State is explicitly defined using a TypedDict, allowing the agent to persist conversation history, intent, retrieved documents, lead details, and capture status across multiple turns. This prevents common failures such as re-asking for already provided information or prematurely invoking backend tools. Tool execution is gated by both intent and state completeness, ensuring the mock lead capture function is called exactly once per qualified lead.
Model configuration is centralized in model_config.py, enabling easy swapping of Gemini models or embedding backends via environment variables. This design prioritizes clarity, safety, and deployability while meeting the assignment’s evaluation criteria around reasoning, RAG correctness, and controlled tool usage.
To deploy this agent on WhatsApp using the Meta Cloud API:
-
Host the agent behind a FastAPI/Flask server with a
/webhookendpoint. -
Verify the webhook with Meta (challenge–response).
-
On each incoming WhatsApp message:
- Map the sender’s phone number (
wa_id) to a persisted LangGraph state (Redis/DB). - Invoke the graph with the user message.
- Map the sender’s phone number (
-
Send the assistant’s reply back via Meta’s
/messagesAPI. -
Forward captured leads to a CRM instead of printing in production.
-
Add signature verification, rate limiting, and logging for production readiness.

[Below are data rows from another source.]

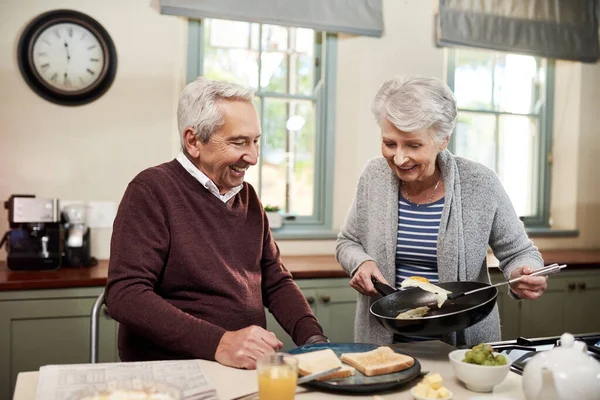 早餐准备好了拍到一对深情的老夫妇在自家厨房里一起做饭. — 图库照片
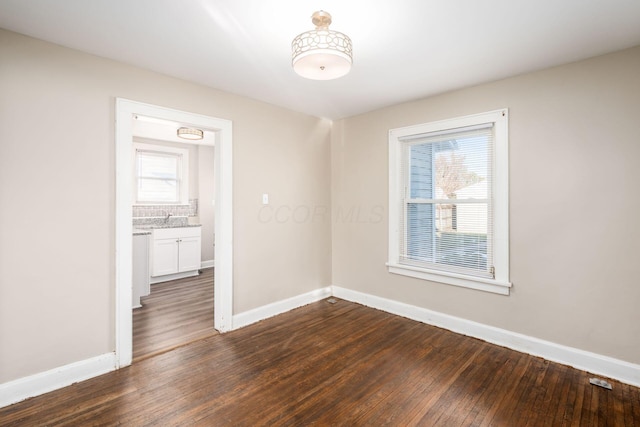 empty room featuring dark wood finished floors, baseboards, and a sink
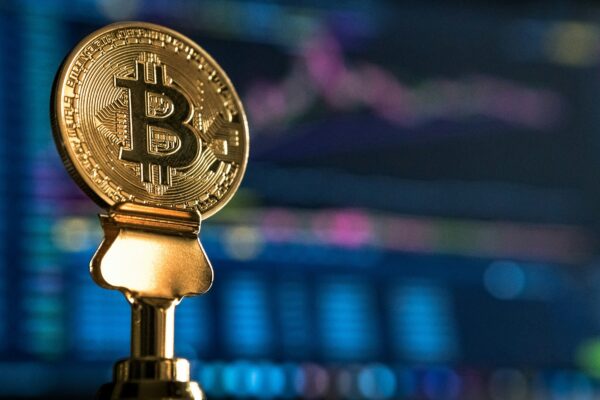 selective focus photo of Bitcoin near monitor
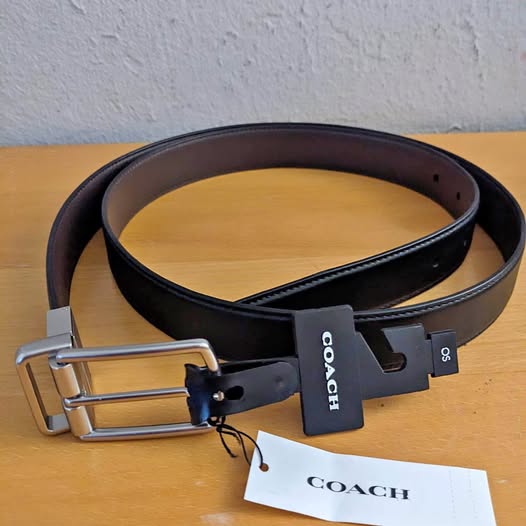 Black leather belt with metal buckle and COACH hang tag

📹 (2–3 minute screen recording) The demo shows:
- Pricing question answered via RAG
- High-intent detection
- Multi-turn lead detail collection
- Successful
mock_lead_captureexecution
This project was built to reflect real-world GenAI agent design, emphasizing correctness, safety, and clarity over shortcuts—aligned with ServiceHive’s expectations for an ML/GenAI intern.
Note on Model Selection: The assignment specifies Gemini 1.5 Flash. At the time of implementation, this exact model identifier was not available via the public API in my environment. I therefore used the closest equivalent Gemini Flash variant accessible via the API. The agent design, reasoning flow, RAG pipeline, and tool-gating logic remain model-agnostic and fully aligned with the assignment requirements.